You call this scalping and say it is not nice. Do you consider this unethical?
I don't consider it unethical.
I don't like it, I don't think it's nice (scalping), and I wouldn't do it myself. But that doesn't make it unethical business practice.
The behavior and act is no different from any business sales you experience. The difference is simply you have an emotional investment in the camera stuff that spawned you to want to talk about this. So I cannot call this unethical because it would be illogical and hypocritical of me to think the practice is any different, simply on a different scale (in this case, micro-scale) than common transaction practice in sales at all levels.
Diamonds?
Gold?
Cars?
Bread?
Every single time you buy something, you're supporting this practice, simply on a much larger scale. It's not different. The scale is different. Major chains and corps crushing local business is a good example of this. They were able to buy bulk, low, and destroy the other small business's ability to get stock at all, choking their sales (Amazon, Walmart, etc). This is the same practice, just on a different scale.

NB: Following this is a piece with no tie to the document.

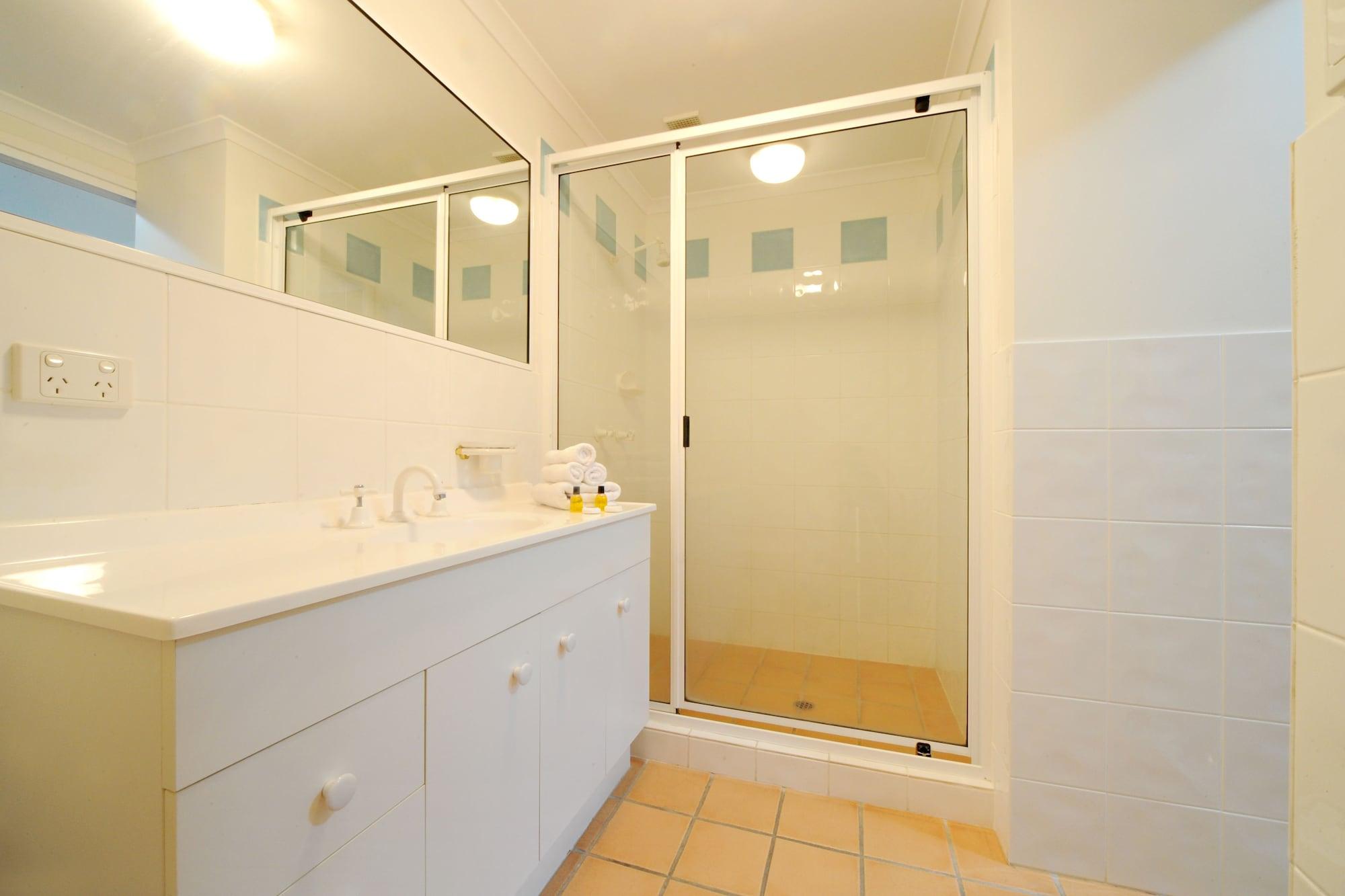 At Beach Court Holiday Villas Airlie Beach Εξωτερικό φωτογραφία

I understand what you're getting at, the idea that someone who is there at the time takes the opportunity to buy up everything and then either horde it or re-sell it to others that missed the opportunity at a mark up that gives them a financial gain. But again, this is an emotional response for having an emotional investment in the product or people involved. But the practice is not different than any business sales practice, you're just seeing it at a micro-scale here and not linking it to the macro-scale of the same thing when you look at distribution and MSRP tactics, or sales in general. That's all it is.
To make it unethical would require that someone is breaking established principle or law that can be referenced, not some unwritten morale code that anyone can abide by or not at will when it suites them with no consequence (like religion). If the seller(s) have a limited number of purchases of the item per person, and that person makes 1000 accounts and buys all of them against that policy and against the policy of how many accounts they are permitted to have and all the bits that go along with that process, then sells them for markup, then I could agree that a practice like that is unethical because it went against an established policy and represents unethical behavior that can be referenced and treads the terms of legality. That's just an example, not the only way on this subject, but the point is made.
I'm not trying to be tongue in cheek or poke fun or be demeaning at all either. Just having conversation and pointing out the logic.